#### Input data

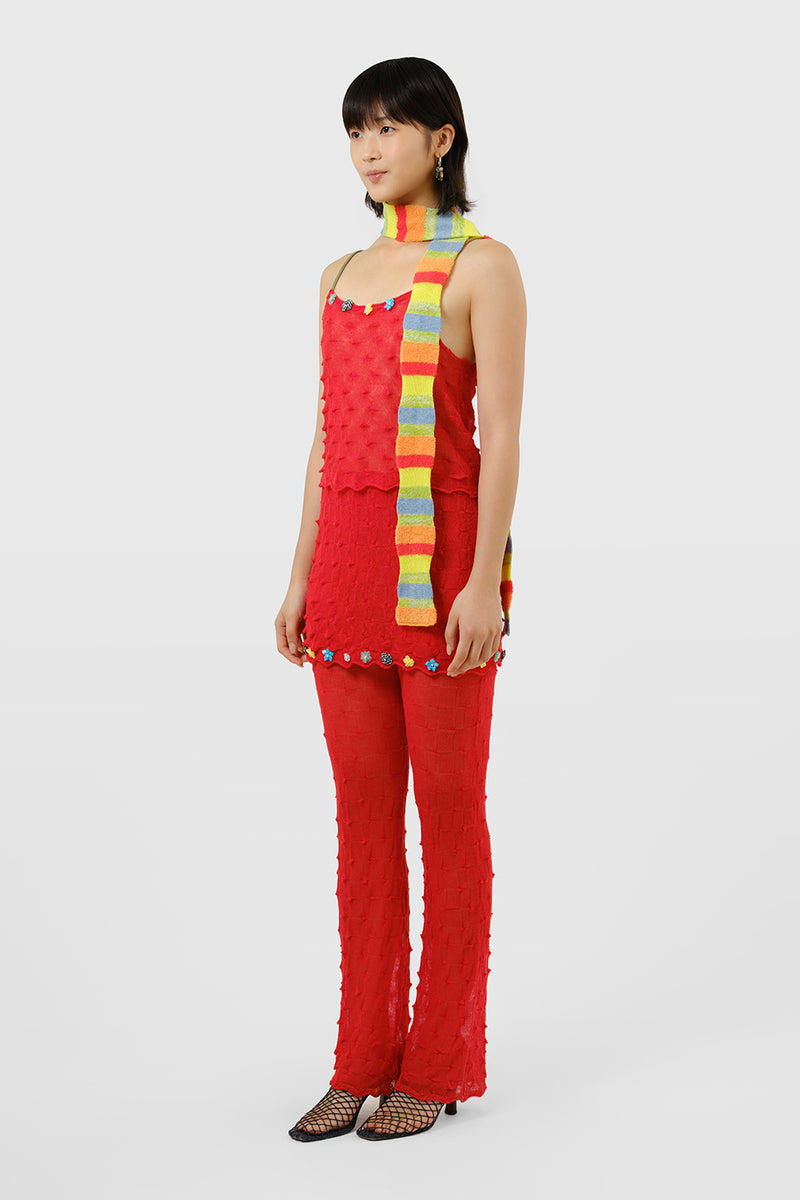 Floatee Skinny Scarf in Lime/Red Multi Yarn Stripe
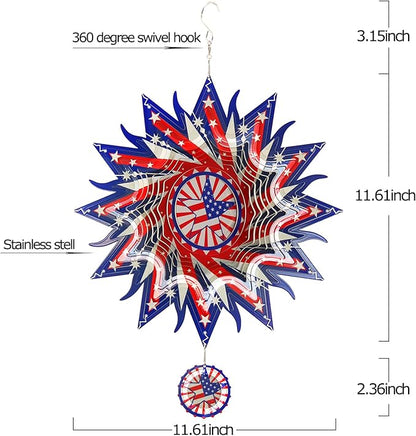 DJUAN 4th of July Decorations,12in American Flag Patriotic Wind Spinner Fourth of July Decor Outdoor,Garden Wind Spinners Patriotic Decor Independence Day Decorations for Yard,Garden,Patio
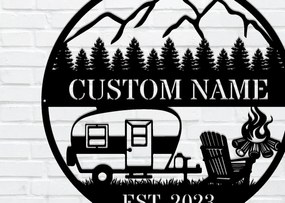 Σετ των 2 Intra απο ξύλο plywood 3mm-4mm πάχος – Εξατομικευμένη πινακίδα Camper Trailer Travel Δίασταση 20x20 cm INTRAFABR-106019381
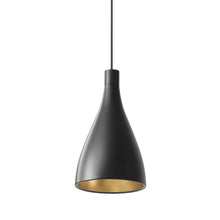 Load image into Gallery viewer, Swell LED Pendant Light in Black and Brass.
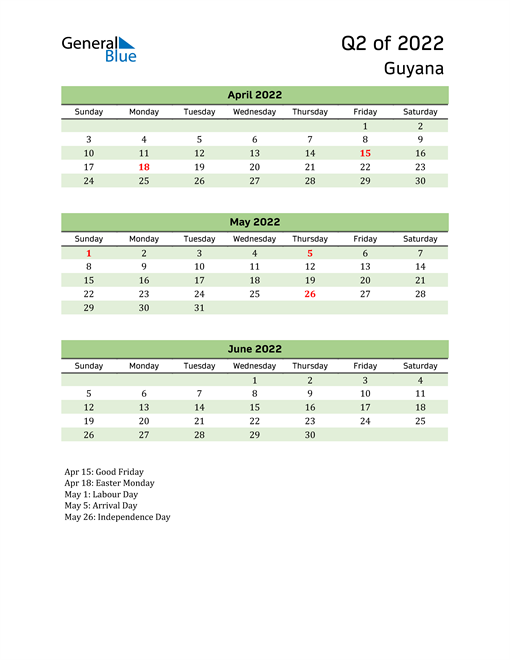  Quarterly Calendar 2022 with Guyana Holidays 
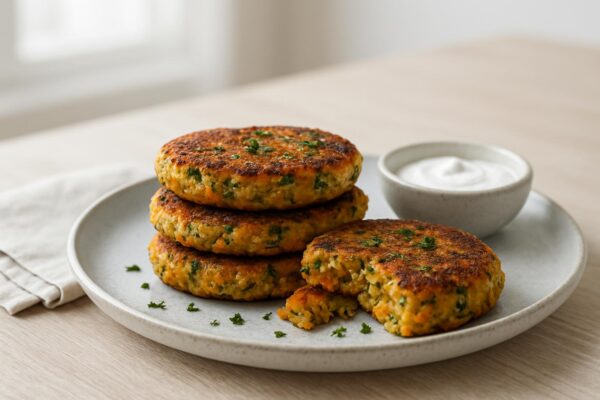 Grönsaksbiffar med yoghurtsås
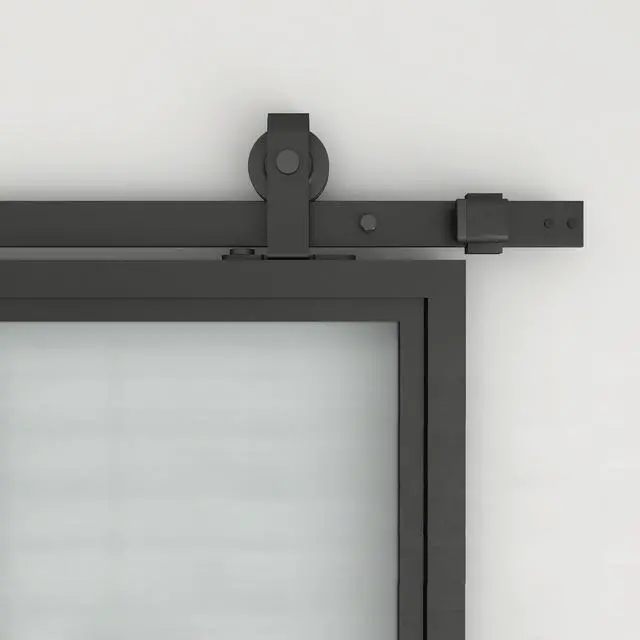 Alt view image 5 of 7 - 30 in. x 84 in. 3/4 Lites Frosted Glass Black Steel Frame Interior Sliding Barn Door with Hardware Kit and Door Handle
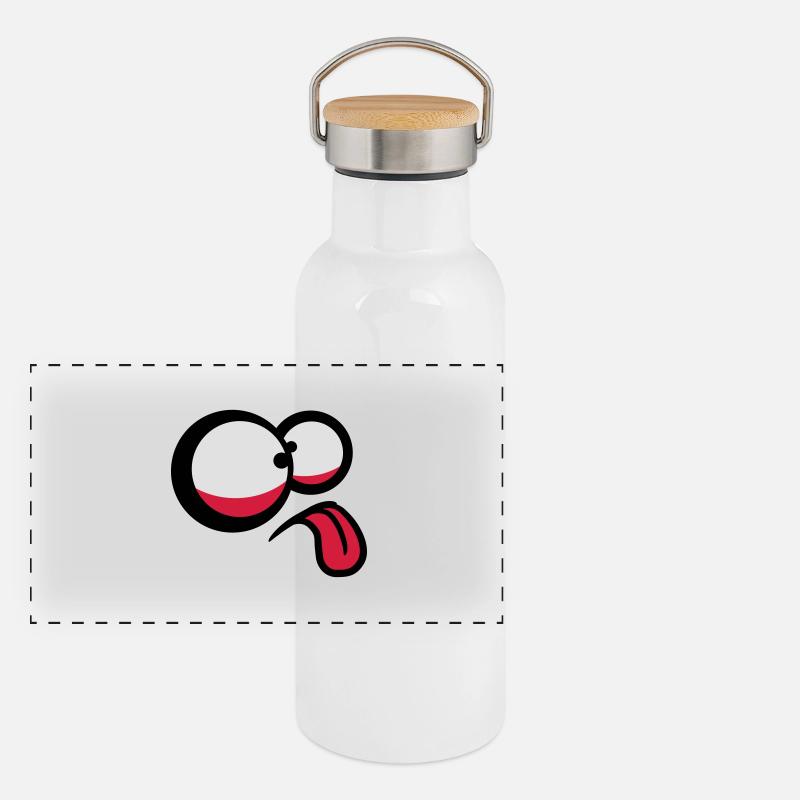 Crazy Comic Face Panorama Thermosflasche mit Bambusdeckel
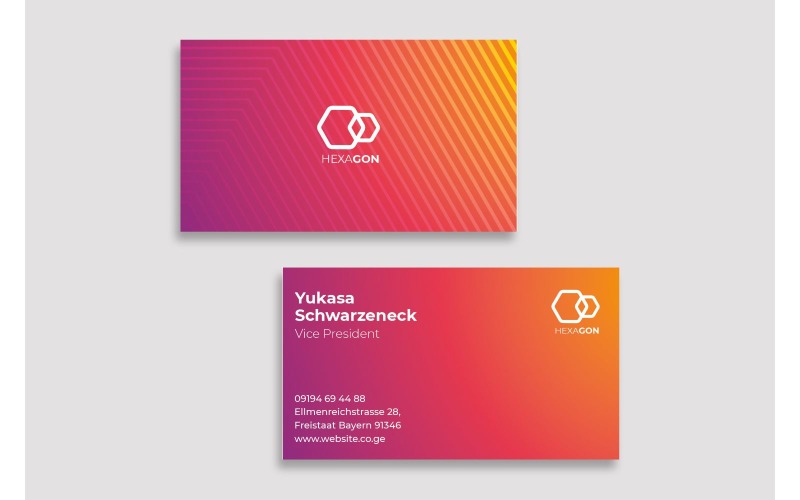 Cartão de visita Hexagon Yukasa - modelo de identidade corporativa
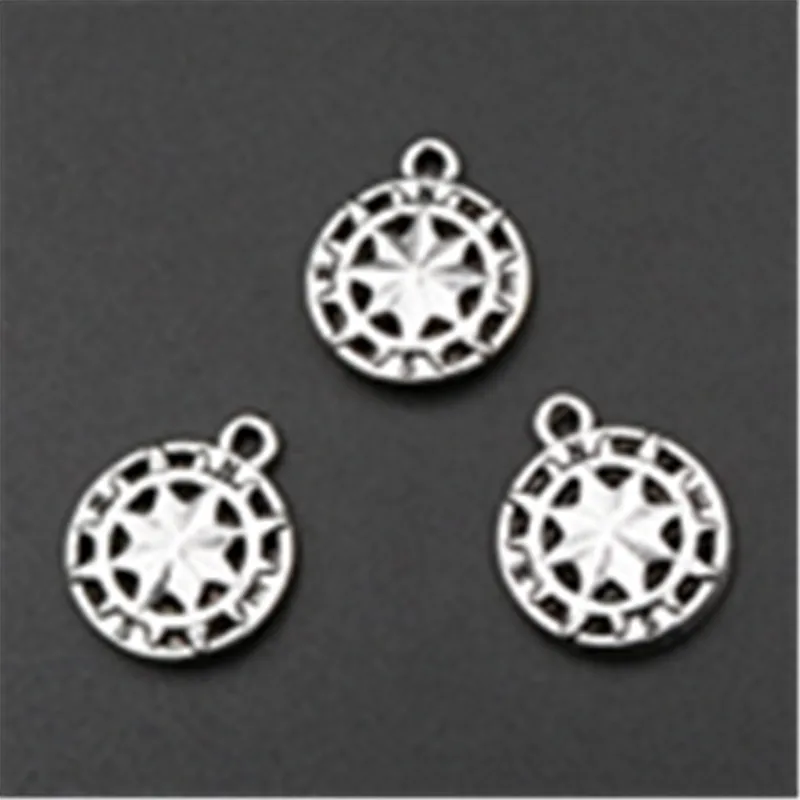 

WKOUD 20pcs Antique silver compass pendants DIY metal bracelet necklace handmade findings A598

#### What is required
Everything in the entries above except the pictures should be given again exactly.

#### Output for this exercise
 Floatee Skinny Scarf in Lime/Red Multi Yarn Stripe
 DJUAN 4th of July Decorations,12in American Flag Patriotic Wind Spinner Fourth of July Decor Outdoor,Garden Wind Spinners Patriotic Decor Independence Day Decorations for Yard,Garden,Patio
 Σετ των 2 Intra απο ξύλο plywood 3mm-4mm πάχος – Εξατομικευμένη πινακίδα Camper Trailer Travel Δίασταση 20x20 cm INTRAFABR-106019381
 Load image into Gallery viewer, Swell LED Pendant Light in Black and Brass.
  Quarterly Calendar 2022 with Guyana Holidays 
 Grönsaksbiffar med yoghurtsås
 Alt view image 5 of 7 - 30 in. x 84 in. 3/4 Lites Frosted Glass Black Steel Frame Interior Sliding Barn Door with Hardware Kit and Door Handle
 Crazy Comic Face Panorama Thermosflasche mit Bambusdeckel
 Cartão de visita Hexagon Yukasa - modelo de identidade corporativa

WKOUD 20pcs Antique silver compass pendants DIY metal bracelet necklace handmade findings A598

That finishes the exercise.